*Material provided:*
-.-.-

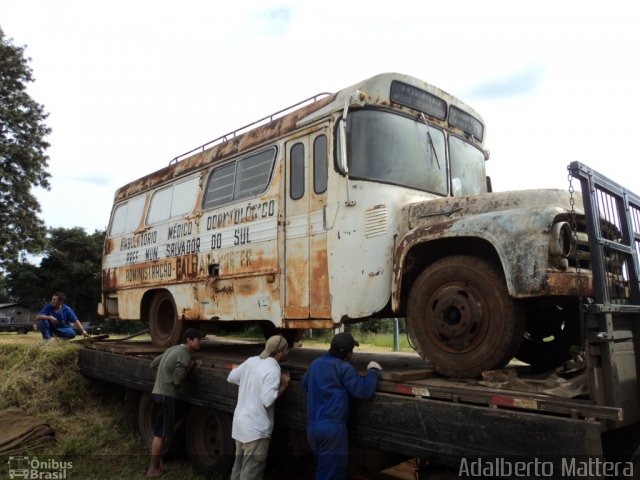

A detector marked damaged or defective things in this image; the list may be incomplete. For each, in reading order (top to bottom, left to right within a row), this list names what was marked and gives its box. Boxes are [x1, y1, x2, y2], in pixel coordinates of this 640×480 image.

rusty bus [100, 72, 596, 378]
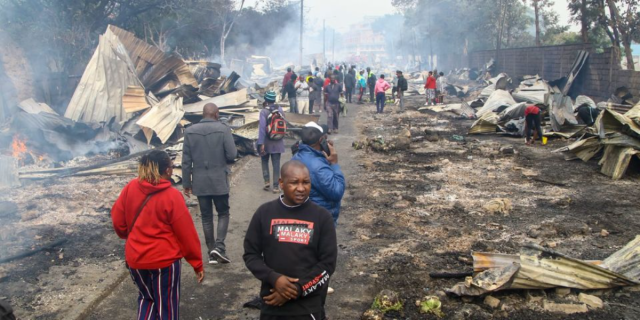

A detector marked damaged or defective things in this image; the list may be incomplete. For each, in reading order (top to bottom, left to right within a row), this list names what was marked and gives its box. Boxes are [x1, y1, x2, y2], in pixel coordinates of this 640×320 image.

charred debris [0, 25, 316, 188]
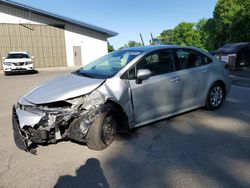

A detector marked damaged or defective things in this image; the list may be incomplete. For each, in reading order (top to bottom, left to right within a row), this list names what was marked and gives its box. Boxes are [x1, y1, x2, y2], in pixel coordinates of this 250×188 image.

shattered windshield [73, 49, 142, 79]
bent hood [20, 74, 104, 104]
damaged silver sedan [11, 45, 230, 153]
crumpled front bumper [12, 106, 28, 151]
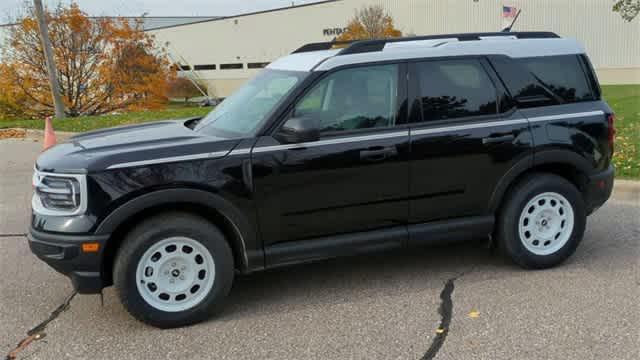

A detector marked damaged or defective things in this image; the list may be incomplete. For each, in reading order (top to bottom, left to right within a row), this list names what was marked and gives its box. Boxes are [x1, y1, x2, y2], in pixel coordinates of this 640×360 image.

cracked asphalt [0, 139, 636, 358]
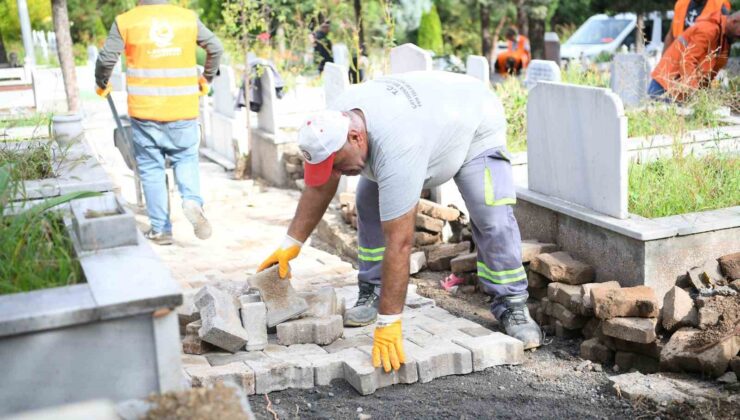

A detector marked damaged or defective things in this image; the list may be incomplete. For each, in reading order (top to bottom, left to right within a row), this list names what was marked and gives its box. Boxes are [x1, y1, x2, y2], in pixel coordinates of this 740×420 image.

broken concrete block [416, 213, 446, 233]
broken concrete block [420, 199, 460, 221]
broken concrete block [410, 253, 428, 276]
broken concrete block [424, 241, 472, 270]
broken concrete block [448, 253, 476, 272]
broken concrete block [520, 240, 560, 262]
broken concrete block [528, 253, 600, 286]
broken concrete block [720, 253, 740, 278]
broken concrete block [183, 322, 215, 354]
broken concrete block [184, 362, 256, 396]
broken concrete block [195, 286, 250, 352]
broken concrete block [241, 302, 268, 352]
broken concrete block [247, 266, 308, 328]
broken concrete block [276, 316, 346, 344]
broken concrete block [298, 288, 338, 320]
broken concrete block [402, 338, 472, 384]
broken concrete block [448, 332, 524, 370]
broken concrete block [580, 336, 616, 366]
broken concrete block [580, 280, 620, 310]
broken concrete block [588, 288, 660, 320]
broken concrete block [600, 316, 660, 342]
broken concrete block [612, 352, 660, 374]
broken concrete block [660, 286, 696, 332]
broken concrete block [660, 328, 740, 378]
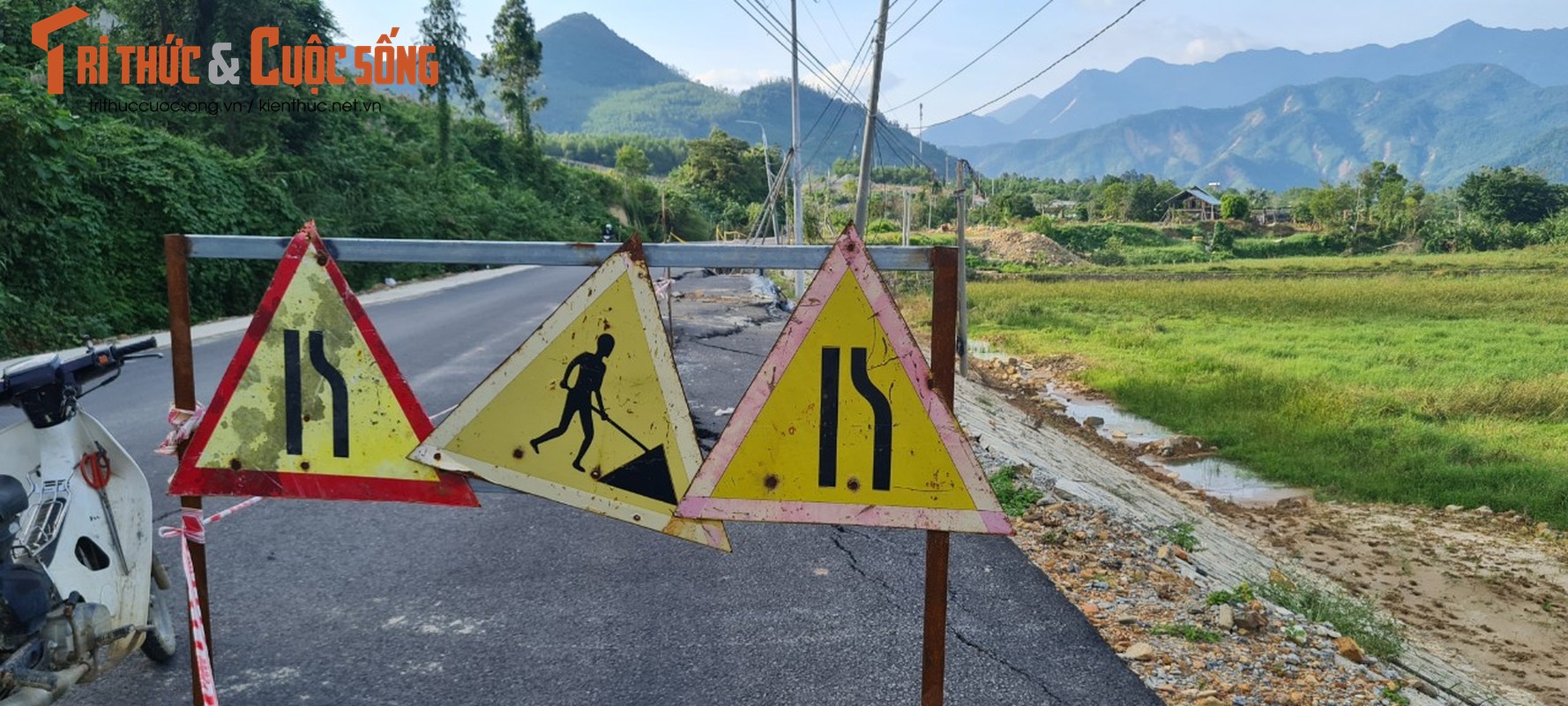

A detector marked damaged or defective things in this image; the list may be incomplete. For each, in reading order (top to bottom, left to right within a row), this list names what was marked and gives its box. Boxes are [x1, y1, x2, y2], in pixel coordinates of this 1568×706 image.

rusty metal post [164, 233, 213, 706]
cracked asphalt surface [11, 267, 1160, 706]
rusty metal post [922, 244, 959, 702]
crack in road [946, 627, 1072, 702]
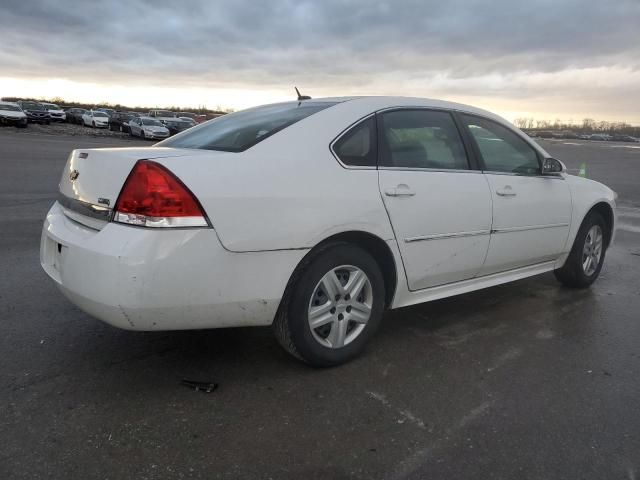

-.-.-

If an entry holds a picture, leave the picture out and repeat the rest exactly.

*Result below:*
A detector marked damaged or defective things in this image; the list may be incomplete. For each, in reading order (top to bottom, left to right within a row), this list names what was marked and gives its box. Boxes are [x1, y1, x2, y2], in pixel coordinates of this 640×480 image.

rusty bus [100, 72, 596, 378]

A detector marked damaged or defective things in this image; the list may be incomplete. For each, in reading order (top to bottom, left to right within a row), this list names what was marked and gives its box. Boxes are [x1, y1, x2, y2], in pixel coordinates of this 640×320 image.

charred debris [0, 25, 316, 188]

A detector marked damaged or defective things in this image; the list may be incomplete. For each, in reading order (top to bottom, left to right within a row), this list names what was marked and gives its box. Boxes are [x1, y1, x2, y2], in pixel coordinates of this 250×188 image.

shattered windshield [73, 49, 142, 79]
bent hood [20, 74, 104, 104]
damaged silver sedan [11, 45, 230, 153]
crumpled front bumper [12, 106, 28, 151]

A detector marked damaged or defective things in this image; the list may be incomplete. For each, in reading order (top to bottom, left to right within a row), this list names what was marked and gives its box. Boxes are [x1, y1, x2, y2], in pixel coordinates of this 640×360 image.

cracked asphalt [0, 139, 636, 358]

A detector marked damaged or defective things in this image; the list may be incomplete. For each, in reading order (top to bottom, left to right within a row), this list names what was marked and gives its box. Boxes are [x1, y1, x2, y2], in pixel coordinates of this 740×420 image.

broken concrete block [416, 213, 446, 233]
broken concrete block [420, 199, 460, 221]
broken concrete block [410, 253, 428, 276]
broken concrete block [424, 241, 472, 270]
broken concrete block [448, 253, 476, 272]
broken concrete block [520, 240, 560, 262]
broken concrete block [528, 253, 600, 286]
broken concrete block [720, 253, 740, 278]
broken concrete block [183, 322, 215, 354]
broken concrete block [184, 362, 256, 396]
broken concrete block [195, 286, 250, 352]
broken concrete block [241, 302, 268, 352]
broken concrete block [247, 266, 308, 328]
broken concrete block [276, 316, 346, 344]
broken concrete block [298, 288, 338, 320]
broken concrete block [402, 338, 472, 384]
broken concrete block [448, 332, 524, 370]
broken concrete block [580, 336, 616, 366]
broken concrete block [580, 280, 620, 310]
broken concrete block [588, 288, 660, 320]
broken concrete block [600, 316, 660, 342]
broken concrete block [612, 352, 660, 374]
broken concrete block [660, 286, 696, 332]
broken concrete block [660, 328, 740, 378]

A detector marked damaged or defective things in this image; the list may be incomplete. For each, in reading order (top to bottom, left to right within a row), this list names what was marked and gives its box. Boxes are [x1, y1, x2, y2], in pixel coordinates of this 1568×706 image.

rusty metal post [164, 233, 213, 706]
cracked asphalt surface [11, 267, 1160, 706]
rusty metal post [922, 244, 959, 702]
crack in road [946, 627, 1072, 702]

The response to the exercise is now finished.